Wish to find mind-liked mummies who have baby about 7~8months old.Will like to form a playgroup where mummies can share the baby development together.

Thank you.


----------



## yloepicure (Apr 4, 2008)

*Mom to be moving to HK*

Hi there,

I am a first time mom 5 months pregnant and I will be moving back to HK in June to give birth and raise my daughter here. I am from HK and lived in the US for 15 years and I got married and now decided to move back. Althought I am from HK, I feel very different with the locals and the culture here. If you want to chat, you are more then welcome to drop me a line.

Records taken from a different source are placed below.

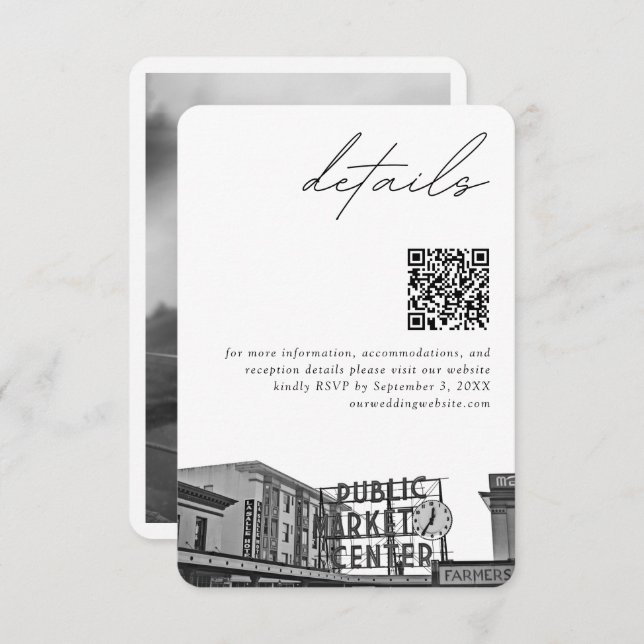 Tarjeta De Recepción Seattle Boda Pikes Place Detalles del código QR Sm (Anverso / Reverso)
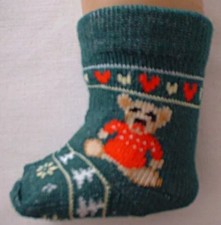 Separates, Green Hearts Teddy Bear Socks, for 18" Dolls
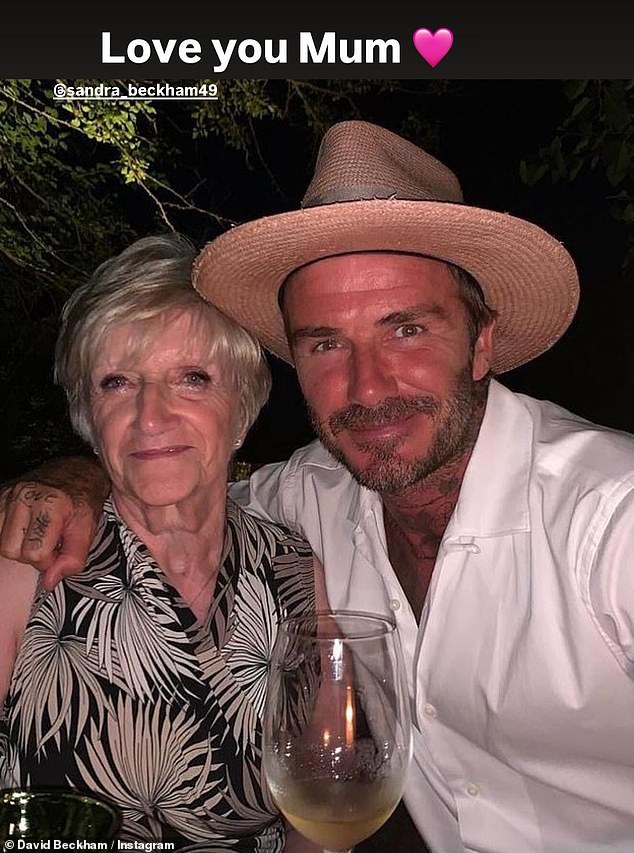David sweetly wrote 'Love you Mum' alongside a picture of them together on a holiday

I would love to know some new friends in HK.


----------



## Priscilla311 (Nov 11, 2009)

Hi JJ79 and yloe, I will be moving to hk. I am from Singapore.


----------



## fredmariahk (Dec 24, 2009)

Hi,

I am moving from Shanghai in March 2010 and have a 5 months baby boy (as well as a 3 year old). I would love to meet up with mums for playdates/exchange info regarding HK life. I used to live in HK pre-kids so this move definitely is totally different ball game for me. Let me know if anyone is interested in getting together then.


----------